Als de keuze beperkt is, kunnen we daarbinnen dan nog wel veertig toppers vinden? En hoe definiëren we toppers, wat zijn er de criteria voor? Iets met creativiteit en innovatie, wellicht? Stel, we willen in veertig episodes een helder beeld krijgen van de rijkdom en de diepgang van het repertoire dat we voor het gemak klasseren onder ‘middeleeuwse muziek’. Wat is er in dat zo verscheiden repertoire dan een topper en wat niet?

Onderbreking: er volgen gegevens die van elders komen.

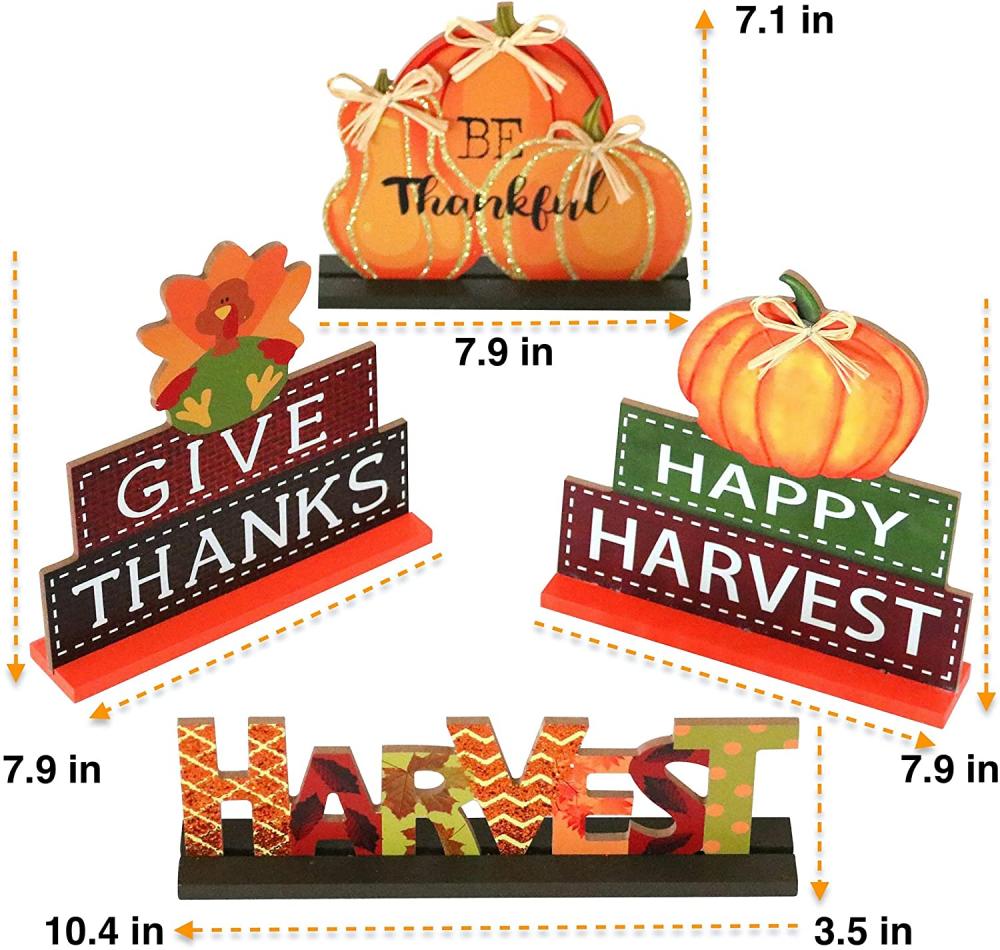 4パックの装飾サイン収穫テーブル装飾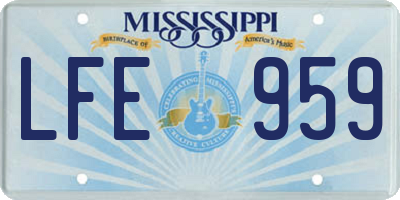 MS license plate LFE959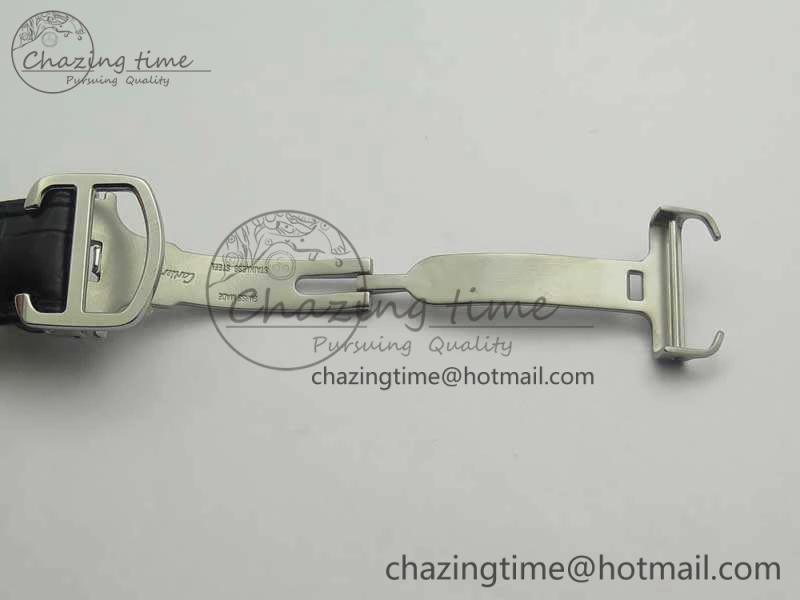 Durable Ballon Bleu De Cartier Chrono 47mm SS ZF 1:1 Best Edition Cream White Textured Dial On Leather Strap A 6244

Vooreerst is de middeleeuwse muziek, de muziek uit de middeleeuwen, de muziek uit grofweg de periode tussen 500 en 1500, op zich al een topper, gewoon omdat er de kiemen in terug te vinden zijn van zowat alle muziek die vandaag in onze Westerse wereld te horen is. De middeleeuwse muziekgeschiedenis heeft aan de meerstemmigheid het eenvoudige maar adembenemende fenomeen van de tegenbeweging bijgedragen. De overgang die ergens rond de milleniumwisseling gemaakt werd van eenstemmigheid of hooguit parallelle meerstemmigheid naar een echte meerstemmigheid waarbij stemmen mekaar in tegenbeweging gaan benaderen: alleen al die innovatie maakt van de ‘middeleeuwse muziek’ als geheel een topper van formaat.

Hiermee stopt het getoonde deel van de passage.